For this exercise, restate the data below with no change at all.

━━━ The data ━━━

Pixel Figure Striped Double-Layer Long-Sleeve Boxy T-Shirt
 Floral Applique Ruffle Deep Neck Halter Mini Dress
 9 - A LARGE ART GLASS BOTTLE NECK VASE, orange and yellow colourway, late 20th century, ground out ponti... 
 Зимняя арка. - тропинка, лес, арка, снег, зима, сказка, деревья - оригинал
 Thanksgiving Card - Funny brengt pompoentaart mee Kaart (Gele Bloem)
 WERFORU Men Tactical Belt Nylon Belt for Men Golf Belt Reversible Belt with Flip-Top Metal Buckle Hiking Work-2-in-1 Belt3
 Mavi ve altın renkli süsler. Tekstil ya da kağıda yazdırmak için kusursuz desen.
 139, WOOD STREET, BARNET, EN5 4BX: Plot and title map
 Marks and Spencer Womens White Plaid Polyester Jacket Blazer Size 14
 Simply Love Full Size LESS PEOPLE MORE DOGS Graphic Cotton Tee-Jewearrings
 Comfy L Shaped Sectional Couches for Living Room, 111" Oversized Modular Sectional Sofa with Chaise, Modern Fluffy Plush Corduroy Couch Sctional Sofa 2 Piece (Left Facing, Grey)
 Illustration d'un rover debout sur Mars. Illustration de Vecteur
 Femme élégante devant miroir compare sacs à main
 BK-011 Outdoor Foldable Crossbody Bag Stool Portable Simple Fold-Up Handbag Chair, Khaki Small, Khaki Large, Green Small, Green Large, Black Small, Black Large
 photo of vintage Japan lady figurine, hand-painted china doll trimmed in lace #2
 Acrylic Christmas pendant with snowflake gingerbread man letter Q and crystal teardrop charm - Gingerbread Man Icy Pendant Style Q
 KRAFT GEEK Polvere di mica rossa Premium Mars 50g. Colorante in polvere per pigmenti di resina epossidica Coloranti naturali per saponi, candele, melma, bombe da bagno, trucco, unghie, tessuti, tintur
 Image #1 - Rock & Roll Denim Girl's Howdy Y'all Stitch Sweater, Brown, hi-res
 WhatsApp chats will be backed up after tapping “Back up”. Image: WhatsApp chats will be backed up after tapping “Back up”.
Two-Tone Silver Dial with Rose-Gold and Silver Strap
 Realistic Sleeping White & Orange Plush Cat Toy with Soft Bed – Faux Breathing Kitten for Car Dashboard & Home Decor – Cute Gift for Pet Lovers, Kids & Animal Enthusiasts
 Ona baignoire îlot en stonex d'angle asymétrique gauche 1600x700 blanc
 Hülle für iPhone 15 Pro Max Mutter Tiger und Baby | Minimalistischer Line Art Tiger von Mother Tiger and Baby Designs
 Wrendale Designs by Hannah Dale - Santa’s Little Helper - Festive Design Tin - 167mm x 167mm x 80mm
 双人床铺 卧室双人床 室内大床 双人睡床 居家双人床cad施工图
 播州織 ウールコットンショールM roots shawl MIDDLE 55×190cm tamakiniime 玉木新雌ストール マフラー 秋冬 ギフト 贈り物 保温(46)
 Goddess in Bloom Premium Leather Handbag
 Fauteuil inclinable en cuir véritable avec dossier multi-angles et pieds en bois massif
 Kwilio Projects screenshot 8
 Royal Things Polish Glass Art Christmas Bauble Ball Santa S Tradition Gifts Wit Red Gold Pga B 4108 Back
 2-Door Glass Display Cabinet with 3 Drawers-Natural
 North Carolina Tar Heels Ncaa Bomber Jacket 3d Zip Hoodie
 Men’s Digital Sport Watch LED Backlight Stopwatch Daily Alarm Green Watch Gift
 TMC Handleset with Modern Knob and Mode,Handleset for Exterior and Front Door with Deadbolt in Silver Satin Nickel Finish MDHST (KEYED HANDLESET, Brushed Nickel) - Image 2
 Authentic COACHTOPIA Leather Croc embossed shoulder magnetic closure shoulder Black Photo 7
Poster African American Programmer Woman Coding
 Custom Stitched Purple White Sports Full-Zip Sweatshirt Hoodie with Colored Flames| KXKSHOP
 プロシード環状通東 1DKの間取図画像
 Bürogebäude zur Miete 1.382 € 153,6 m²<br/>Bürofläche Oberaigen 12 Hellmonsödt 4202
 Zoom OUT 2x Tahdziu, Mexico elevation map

━━━

Exercise response:
Pixel Figure Striped Double-Layer Long-Sleeve Boxy T-Shirt
 Floral Applique Ruffle Deep Neck Halter Mini Dress
 9 - A LARGE ART GLASS BOTTLE NECK VASE, orange and yellow colourway, late 20th century, ground out ponti... 
 Зимняя арка. - тропинка, лес, арка, снег, зима, сказка, деревья - оригинал
 Thanksgiving Card - Funny brengt pompoentaart mee Kaart (Gele Bloem)
 WERFORU Men Tactical Belt Nylon Belt for Men Golf Belt Reversible Belt with Flip-Top Metal Buckle Hiking Work-2-in-1 Belt3
 Mavi ve altın renkli süsler. Tekstil ya da kağıda yazdırmak için kusursuz desen.
 139, WOOD STREET, BARNET, EN5 4BX: Plot and title map
 Marks and Spencer Womens White Plaid Polyester Jacket Blazer Size 14
 Simply Love Full Size LESS PEOPLE MORE DOGS Graphic Cotton Tee-Jewearrings
 Comfy L Shaped Sectional Couches for Living Room, 111" Oversized Modular Sectional Sofa with Chaise, Modern Fluffy Plush Corduroy Couch Sctional Sofa 2 Piece (Left Facing, Grey)
 Illustration d'un rover debout sur Mars. Illustration de Vecteur
 Femme élégante devant miroir compare sacs à main
 BK-011 Outdoor Foldable Crossbody Bag Stool Portable Simple Fold-Up Handbag Chair, Khaki Small, Khaki Large, Green Small, Green Large, Black Small, Black Large
 photo of vintage Japan lady figurine, hand-painted china doll trimmed in lace #2
 Acrylic Christmas pendant with snowflake gingerbread man letter Q and crystal teardrop charm - Gingerbread Man Icy Pendant Style Q
 KRAFT GEEK Polvere di mica rossa Premium Mars 50g. Colorante in polvere per pigmenti di resina epossidica Coloranti naturali per saponi, candele, melma, bombe da bagno, trucco, unghie, tessuti, tintur
 Image #1 - Rock & Roll Denim Girl's Howdy Y'all Stitch Sweater, Brown, hi-res
 WhatsApp chats will be backed up after tapping “Back up”. Image: WhatsApp chats will be backed up after tapping “Back up”.
Two-Tone Silver Dial with Rose-Gold and Silver Strap
 Realistic Sleeping White & Orange Plush Cat Toy with Soft Bed – Faux Breathing Kitten for Car Dashboard & Home Decor – Cute Gift for Pet Lovers, Kids & Animal Enthusiasts
 Ona baignoire îlot en stonex d'angle asymétrique gauche 1600x700 blanc
 Hülle für iPhone 15 Pro Max Mutter Tiger und Baby | Minimalistischer Line Art Tiger von Mother Tiger and Baby Designs
 Wrendale Designs by Hannah Dale - Santa’s Little Helper - Festive Design Tin - 167mm x 167mm x 80mm
 双人床铺 卧室双人床 室内大床 双人睡床 居家双人床cad施工图
 播州織 ウールコットンショールM roots shawl MIDDLE 55×190cm tamakiniime 玉木新雌ストール マフラー 秋冬 ギフト 贈り物 保温(46)
 Goddess in Bloom Premium Leather Handbag
 Fauteuil inclinable en cuir véritable avec dossier multi-angles et pieds en bois massif
 Kwilio Projects screenshot 8
 Royal Things Polish Glass Art Christmas Bauble Ball Santa S Tradition Gifts Wit Red Gold Pga B 4108 Back
 2-Door Glass Display Cabinet with 3 Drawers-Natural
 North Carolina Tar Heels Ncaa Bomber Jacket 3d Zip Hoodie
 Men’s Digital Sport Watch LED Backlight Stopwatch Daily Alarm Green Watch Gift
 TMC Handleset with Modern Knob and Mode,Handleset for Exterior and Front Door with Deadbolt in Silver Satin Nickel Finish MDHST (KEYED HANDLESET, Brushed Nickel) - Image 2
 Authentic COACHTOPIA Leather Croc embossed shoulder magnetic closure shoulder Black Photo 7
Poster African American Programmer Woman Coding
 Custom Stitched Purple White Sports Full-Zip Sweatshirt Hoodie with Colored Flames| KXKSHOP
 プロシード環状通東 1DKの間取図画像
 Bürogebäude zur Miete 1.382 € 153,6 m²<br/>Bürofläche Oberaigen 12 Hellmonsödt 4202
 Zoom OUT 2x Tahdziu, Mexico elevation map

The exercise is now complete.